Buhari will address the nation in a broadcast Monday morning, a statement from the office of the presidency said, referring to the president’s issues as a “health challenge.”

The 74-year-old leader also spent seven weeks in London for treatment earlier this this year and said he had never been so sick in his life. He spoke of receiving blood transfusions.

The president’s long absences have led some in Africa’s most populous nation to call for his replacement and for the military to remind its personnel to remain loyal. In recent weeks, his office released photos of officials meeting with the rail-thin but smiling president in the hope of reassuring people back home.

Buhari did not make any public comment upon his arrival in the capital, Abuja, leaving in a motorcade after a salute from the presidential guard. Nigerians, some of them singing, had lined the road to the airport to welcome him.

Nigeria’s ongoing challenges include the deadly Boko Haram insurgency, a weak economy and one of the world’s worst humanitarian crises, with millions malnourished in the northeast.

Vice President Yemi Osinbajo has been acting president during Buhari’s time abroad.

Observers have feared that political unrest could erupt in Nigeria, particularly in the predominantly Muslim north, should Buhari not finish his term in office. The previous president was a Christian from the south, as is Osinbajo.
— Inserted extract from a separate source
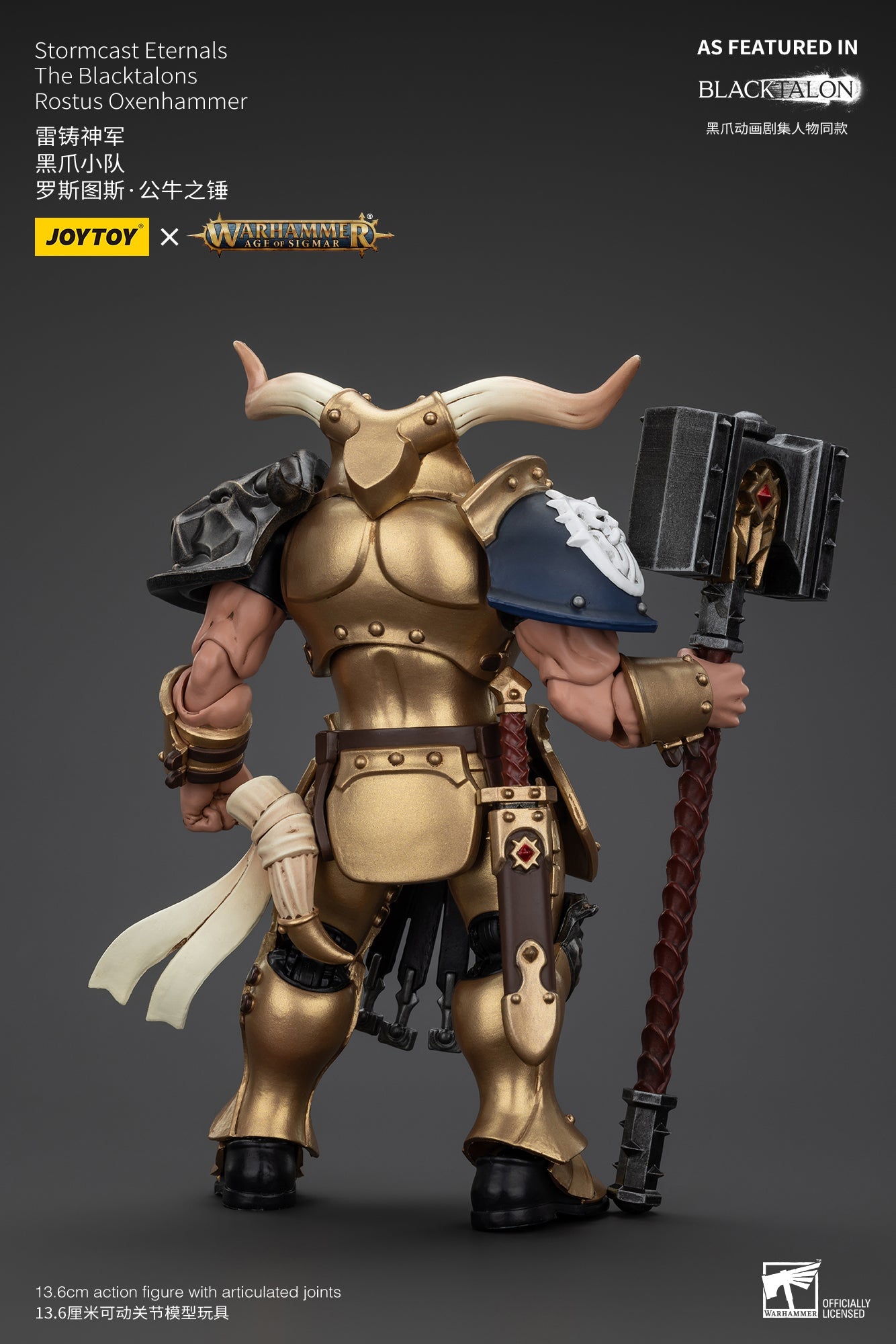 Stormcast Eternals The Blacktalons - Warhammer AGE OF SIGMAR - Mô hình hành động của JOYTOY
This isn’t the first time Nigeria has faced a leader’s long absences. When former President Musa Yar’Adua was ill abroad for months before coming home to die in 2009, northerners blocked his southern Vice President Goodluck Jonathan from assuming power, creating a months-long political paralysis.

Jonathan was eventually confirmed, but his subsequent successful run for election angered many Muslims, breaking an unwritten agreement that power rotate between northerners and southerners.

Buhari’s four-year term ends in 2019.